Segment Open

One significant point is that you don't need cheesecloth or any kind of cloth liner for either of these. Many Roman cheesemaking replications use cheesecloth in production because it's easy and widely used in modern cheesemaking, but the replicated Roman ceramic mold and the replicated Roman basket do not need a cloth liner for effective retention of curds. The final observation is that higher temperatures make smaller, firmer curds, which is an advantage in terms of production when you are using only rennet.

Segment Closed
Segment Open

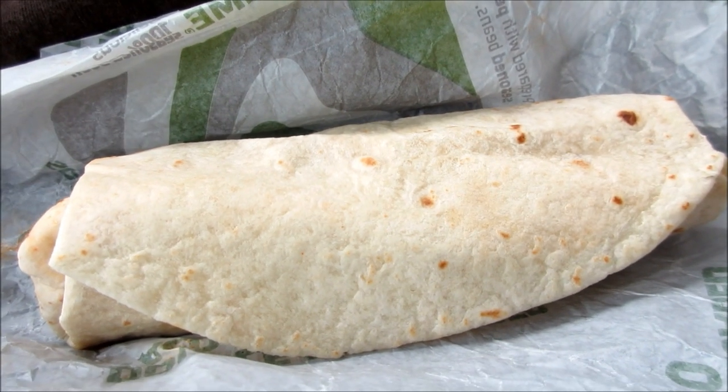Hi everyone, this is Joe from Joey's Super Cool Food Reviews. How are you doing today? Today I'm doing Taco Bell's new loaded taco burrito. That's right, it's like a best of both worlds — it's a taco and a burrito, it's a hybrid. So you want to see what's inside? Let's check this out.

Segment Closed
Segment Open

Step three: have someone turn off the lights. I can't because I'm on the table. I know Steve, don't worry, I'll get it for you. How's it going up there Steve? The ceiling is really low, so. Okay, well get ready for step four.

Segment Closed

> Task instructions:
Show every line of the listing in which the string "because" can be found.

> Response for this exercise:
One significant point is that you don't need cheesecloth or any kind of cloth liner for either of these. Many Roman cheesemaking replications use cheesecloth in production because it's easy and widely used in modern cheesemaking, but the replicated Roman ceramic mold and the replicated Roman basket do not need a cloth liner for effective retention of curds. The final observation is that higher temperatures make smaller, firmer curds, which is an advantage in terms of production when you are using only rennet.
Step three: have someone turn off the lights. I can't because I'm on the table. I know Steve, don't worry, I'll get it for you. How's it going up there Steve? The ceiling is really low, so. Okay, well get ready for step four.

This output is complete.